To create Ice-VIIt, researchers subjected water to immense pressure within a diamond anvil cell, effectively squeezing water molecules between two diamonds. A laser briefly melted the sample before allowing it to refreeze into this new configuration. Pressures similar to those at Earth’s core were needed to force Ice-VII to transition into Ice-VIIt.
“Zach’s work shows that this transition to an ionic state happens at far lower pressures than previously imagined,” stated Ashkan Salamat, a physicist at UNLV and co-author of the research. “It’s a missing piece of the puzzle and represents the most precise measurements ever taken on water under these conditions.”
Though Earth’s interior is incredibly hot, high-pressure ices like Ice-VIIt possess correspondingly high melting points. While regular ice melts at 32° Fahrenheit, Ice-VIIt requires a scorching 1,340° F to liquefy. This extreme resilience suggests Ice-VIIt may exist within Earth’s mantle.
Furthermore, Ice-VIIt transitions to Ice-X at significantly lower pressures than previously thought—just one-third of the initially estimated pressure. This Ice-X finding carries substantial implications for our understanding of exoplanets.
“If planets have significant water within their mantles, they could be larger than current estimates suggest, as the water won’t compress as readily,” Grande explained. “This necessitates a re-evaluation of the water content on many large exoplanets discovered recently.”
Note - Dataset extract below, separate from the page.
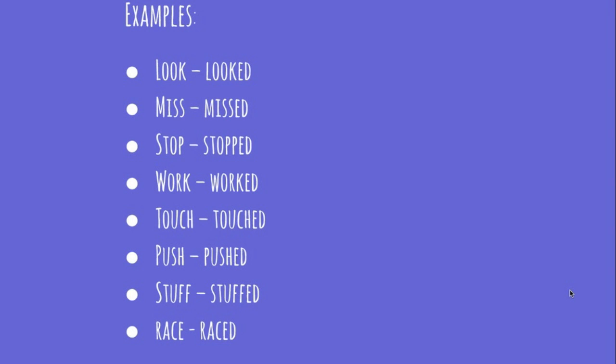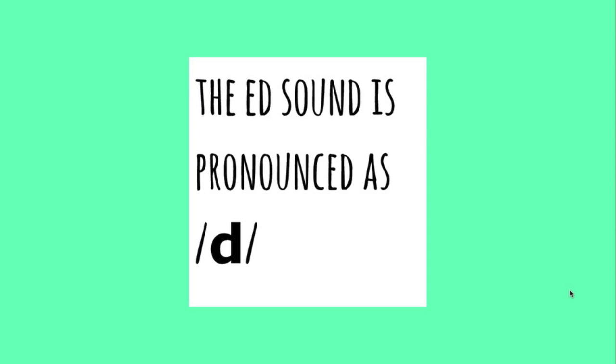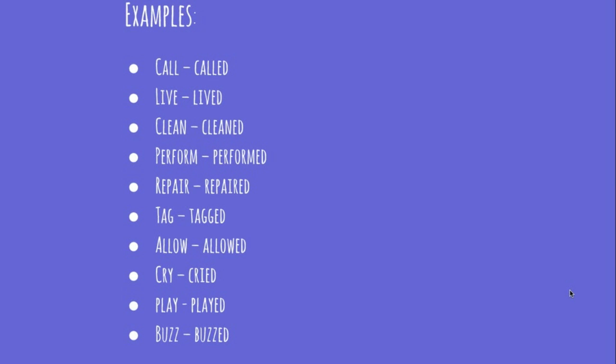The verbs that finish with the sounds of "-l", "-n", "-m", "-r", "-b", "-v", "-g", "-w", "-y", "-ng", "-z": the "-ed" sound is pronounced as "-d". Examples: "call" → "called", "live" → "lived", "clean" → "cleaned", "perform" → "performed", "repair" → "repaired", "tag" → "tagged", "allow" → "allowed", "cry" → "cried", "play" → "played", "buzz" → "buzzed". Please do not pronounce "call-ed" or "clean-ed" — the "-ed" is not pronounced as a separate syllable in those verbs: "called", "cleaned", got it?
The James Webb Space Telescope, with its capacity for detailed exoplanet observation, may play a key role in this reassessment.
The discovery of Ice-VIIt opens exciting new avenues for planetary science and our understanding of water’s behavior under extreme conditions. Further research may uncover even more surprising properties of this unique ice phase and its role in the universe.